Hi, Continuing with my experimentation with namesp...
# questions
s
Hi, Continuing with my experimentation with namespaces and inheriting/extending pipelines, I have a situation. My current workflow is following. I have namespaces implemented for each of the demo (train and evaluate LR model) and extended (train and model RF model), pipelines. (Continued in the replies to this message... )
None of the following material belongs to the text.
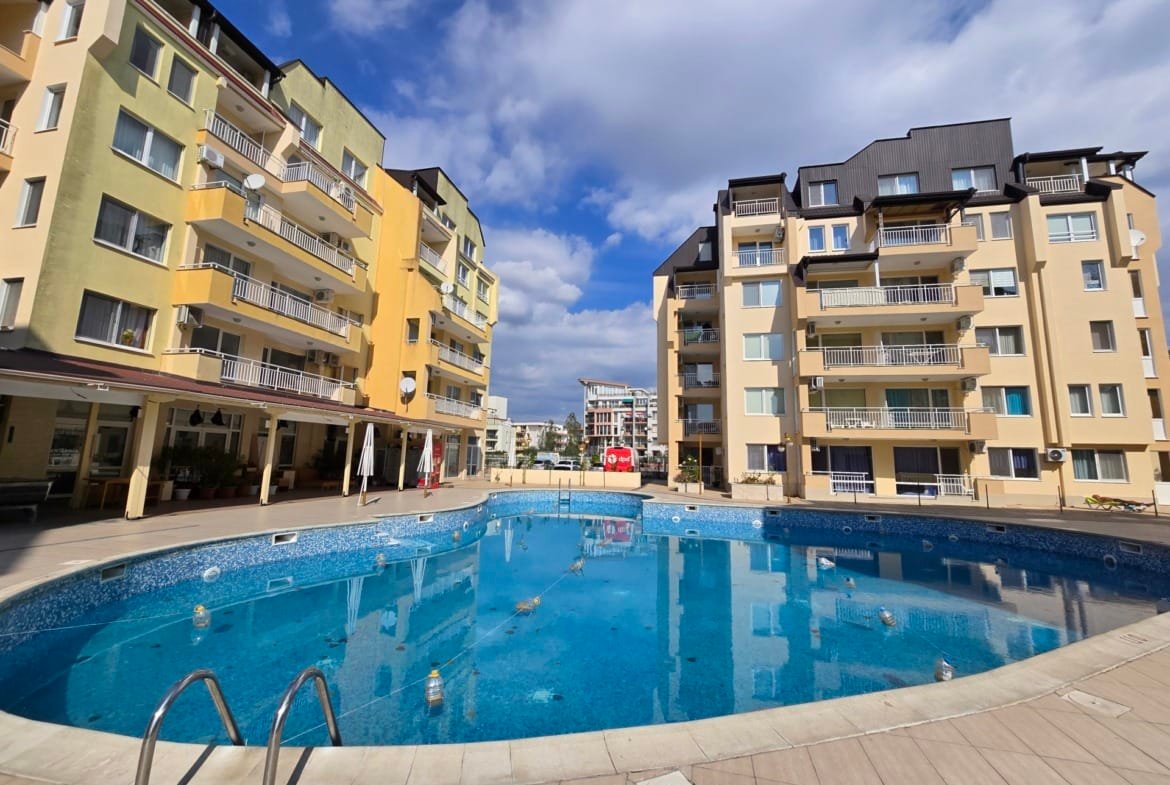 Современный жилой комплекс с бассейном и апартаментами, подходящий для покупки недвижимости в Болгарии.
Collapsed view of these namespaces is this:
In this, the
demo_modelling_pipeline
receives the
presence_motion_co2_combined_cleaned_neg_removed
and applies
split_data_node
and the training and evaluation of
LinearRegression
. After this, in the
extended_modelling_pipeline
, these split dataframes (
X_train, X_test, y_train, y_test
) are passed as inputs, and two nodes execute training and evaluation of
RandomForestRegressor
.
I want to better organise this in a way that I have two separate paths after splitting the Data Frame, one for LR and another for RF. For this, I'm applying the following logic. In
data_science/pipeline.py
file: I have base_data_science pipeline structure defined as -
Copy code
base_data_science = Pipeline(
    [
        Node(
            func=show_data,
            inputs=["presence_motion_co2_combined_cleaned_neg_removed","parameters"],
            outputs=None,
            name="show_data_node"
        ),
        Node(
            func=split_data,
            inputs=["presence_motion_co2_combined_cleaned_neg_removed","params:split_data"],
            outputs=["X_train", "X_test", "y_train", "y_test"],
            name="split_data_node"
        )

    ]
)
After that, I am creating the
demo_modelling_pipeline
to execute just the LR mode training and evaluation, combining the previous two nodes (show and split) with the train and eval of LR.
Copy code
def create_pipeline(**kwargs) -> Pipeline:
    return Pipeline(
        [
        base_data_science,
        Node(
            func=train_model_LR,
            inputs=["X_train", "y_train", "params:train_data"],
            outputs="model_LR",
            name="train_model_LR_node"
        ),
        Node(
            func=evaluate_model,
            inputs=["model_LR", "X_test", "y_test", "params:eval_model"],
            outputs="metrics_LR",
            name="evaluate_model_LR_node"
        )],
        namespace="demo_modelling_pipeline",
        prefix_datasets_with_namespace=False,
        parameters={"params:train_data": "params:demo_train_data", "params:eval_model": "params:demo_eval_model"},
        inputs={"presence_motion_co2_combined_cleaned_neg_removed"}
        # inputs={"X_train", "y_train", "X_test", "y_test"}
    )
Additionally, in the
data_science_ext/pipeline.py
file, I have another pipeline to execute the RF model training and evaluation after show and split.
Copy code
def create_pipeline(**kwargs) -> Pipeline:
    return Pipeline(
        [
        base_data_science,
        Node(
            func=train_model_RF,
            inputs=["X_train", "y_train", "params:train_data"],
            outputs="model_RF",
            name="train_model_RF_node"
        ),
        Node(
            func=evaluate_model,
            inputs=["model_RF", "X_test", "y_test", "params:eval_model"],
            outputs="metrics_RF",
            name="evaluate_model_RF_node"
        )],
        namespace="extended_modelling_pipeline",
        prefix_datasets_with_namespace=False,
        parameters={"params:train_data": "params:ext_train_data", "params:eval_model": "params:ext_eval_model"},
        inputs={"presence_motion_co2_combined_cleaned_neg_removed"}
        # inputs={"X_train", "y_train", "X_test", "y_test"}
    )
Thus, both the pipelines have similar structures: • show data, • split data, • train model (LR/RF), • eval model (LR/RF). Both of them start with the same
presence_motion_co2_combined_cleaned_neg_removed
table and the train-test split sets (X, y) are created internally. However, I am getting the following error while trying to run
kedro viz
or
kedro registry list
.
OutputNotUniqueError: Output(s) ['X_test', 'X_train', 'y_test', 'y_train'] are returned by more than one nodes. Node outputs must be unique.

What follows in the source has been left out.